Well, 1 thing I'd point out to you is that all patients, even ones that have normal levels, can have abnormal levels at some point during their year. It's just depending if they got sick or they had a dietary scourging something the parent didn't know about or things. So the patients are varying, and it's a question of not are they a normal, abnormal, whether tend to be normal or abnormal. There are people who are more compliant, tend to be better, will still have bad days. So just to be clear, so it's not so distinctly 2 groups of people that are highly differentiated. It is a spectrum of people in terms of compliance and control. We don't think there would be a big problem in any kind of -- in terms of enrollment. And I think the other thing to think about -- have is the patients and the regions they're in and their accessibility to those drugs. So not everyone has accessibility to the perimeter of it -- the drugs, which are scavengers. In South America, for example, a lot of patients are not on anything, right? And so there are other regions where there's different, let's say, in management and care, a different degree of rigor being applied, whether we could actually enroll patients in those countries as well to help build the enrollment of a trial. And since we have good connections in South America, for example, and in Europe, we think this will be an international study. And we're not really concerned about finding enough patients to enroll especially as more and more data come out on how the drug is working and how people are feeling about it. I think that will help encourage people to move forward.
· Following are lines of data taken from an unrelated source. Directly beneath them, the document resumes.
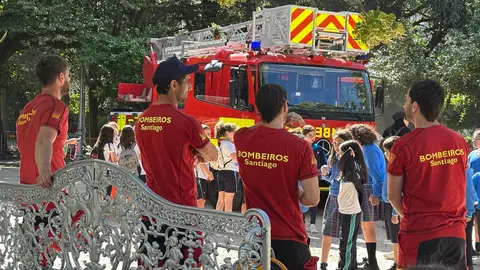 Más de 700 escolares visitarán entre hoy y mañana las actividades de la Semana de la Prevención de Incendios en la Alameda de Santiago Más de 700 escolares visitarán entre hoy y mañana las actividades de la Semana de la Prevención de Incendios en la Alameda de Santiago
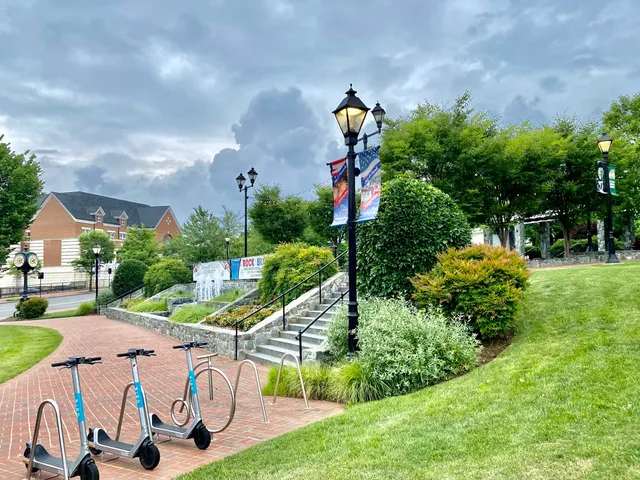 Fairfax Old Town Square Park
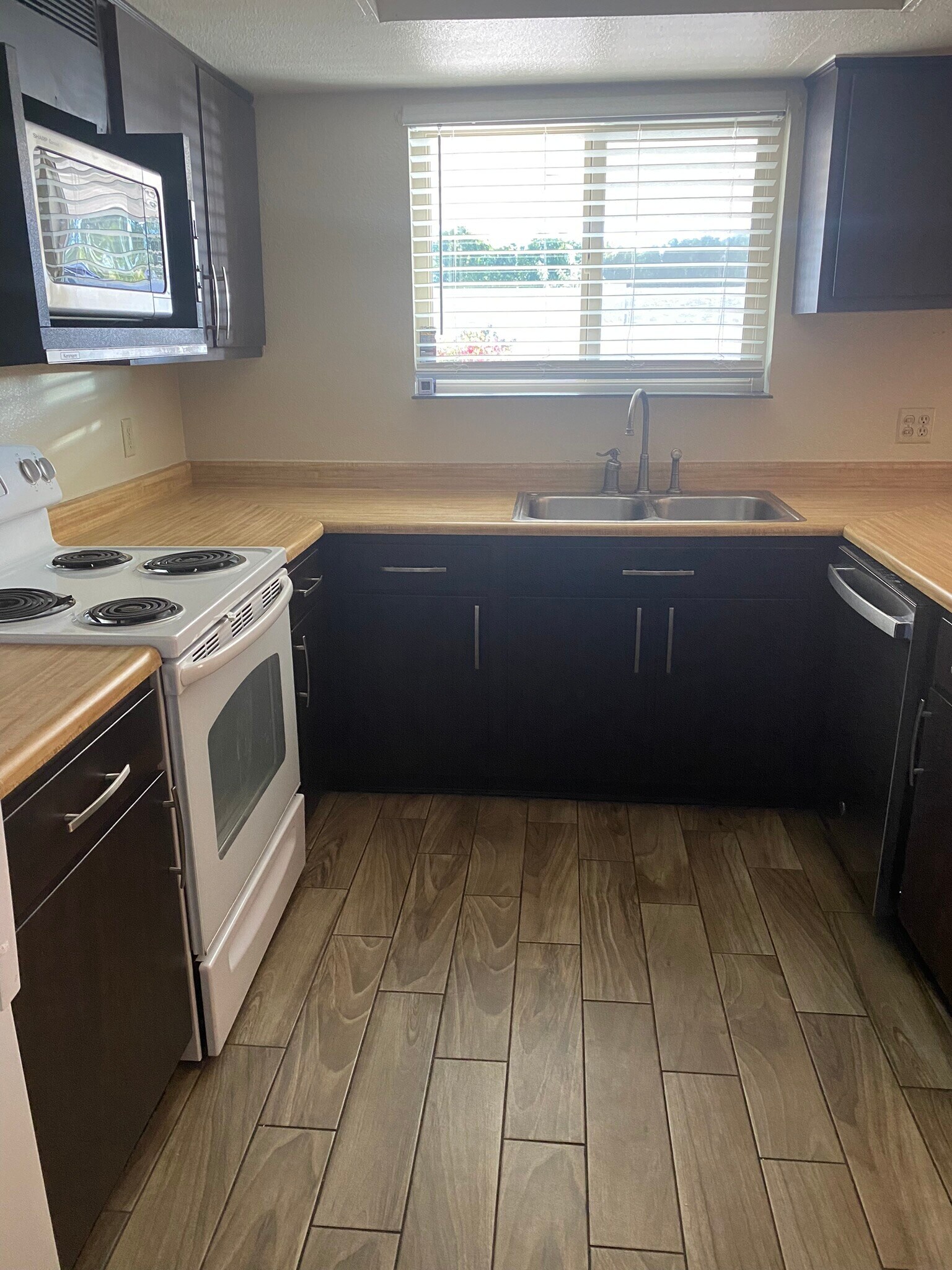 Building Photo - 15641 N 63rd Way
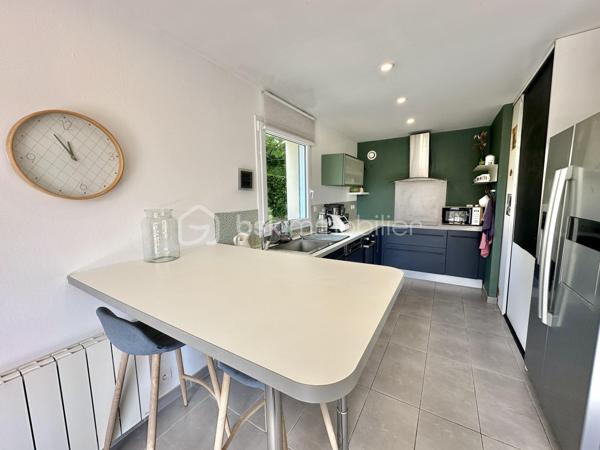 MAISON RÉCENTE – VIE DE PLAIN-PIED – 4 CHAMBRES – PROCHE PLAGES

Située sur le secteur recherché du Cap Coz, cette maison individuelle construite en 2010 développe environ 132 m² habitables sur une parcelle de 610 m².

Elle offre un cadre de vie fonctionnel et lumineux, idéal pour une famille recherchant la proximité du littoral et une maison habitable immédiatement.

La plage de Cap Coz se situe à seulement 1km ... moins de 5 minutes en vélo !

Elle se compose :

Au rez-de-chaussée :

Une belle pièce de vie lumineuse avec poêle à bois
Une cuisine ouverte aménagée et équipée
Un cellier
Une suite parentale avec dressing et salle d’eau privative
Un WC indépendant

À l’étage :

3 chambres
Une salle de bain avec baignoire et douche
Un WC 

Extérieurs :

Terrasse bien exposée
Jardin arboré
Plusieurs places de stationnement privatives
Pas de garage

Prestations techniques :

Construction de 2010
Menuiseries double vitrage
Volets roulants
Chauffage bois + électrique
Belle luminosité grâce aux expositions Sud / Est
Vie de plain-pied

Les plus :

Maison récente et fonctionnelle
Volumes confortables
Proximité immédiate des plages et du bourg
Accès rapide aux principaux axes
Secteur recherché du Cap Coz

À noter :
Le bien est situé en bordure d’un axe routier fréquenté. 
Cette configuration offre une excellente accessibilité au quotidien, mais implique un environnement plus vivant qu’un emplacement en retrait ou en impasse.
Quelques finitions sont à prévoir.

Un bien cohérent pour les acquéreurs recherchant avant tout :
• un emplacement proche du littoral,
• une maison familiale récente,
• une vie de plain-pied,
• et un accès rapide aux commodités et plages du secteur.

Taxe Foncière : 1157€/an

- - - Visite uniquement sur rendez-vous - - -

Contact Exclusif : 

Gino Dupuy – BSK Immobilier
Votre Conseiller Immobilier sur Quimper et le Finistère Sud.
Avis de valeur OFFERT dans tout le Finistère Sud.

_________________________________________________

VENTE IMMOBILIÈRE – QUIMPER & Alentours
Échangeons sur votre projet, sans engagement, pour définir la meilleure stratégie de vente.

APPORTEURS D'AFFAIRES
Vous connaissez quelqu'un qui souhaite vendre ou acheter ?
Un simple message suffit pour initier un contact, je m'occupe du reste. Rémunération attractive.

COLLABORATION INTERCABINET
Discutons volontiers d'un partage de mandat ou d'un acheteur en recherche.

_________________________________________________

Honoraires charge vendeur : aucun frais d'agence supplémentaires pour vous.
Le prix affiché est votre prix final hors frais de notaire.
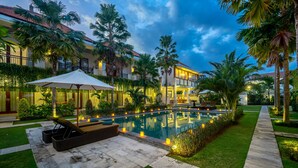 Outdoor pool - Puri Uma Ratu (Keroboken Kelod)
I am not showing any further questions at this time. I'd now like to turn the call back over to Danielle Keatley for closing remarks.

Thank you for joining us. We'll now conclude the call. A replay of the call will be available shortly. And if you have any additional questions, please contact us by phone or at [email protected]. Thank you for joining us.

Ladies and gentlemen, this concludes today's conference call. Thank you for participating. You may now disconnect.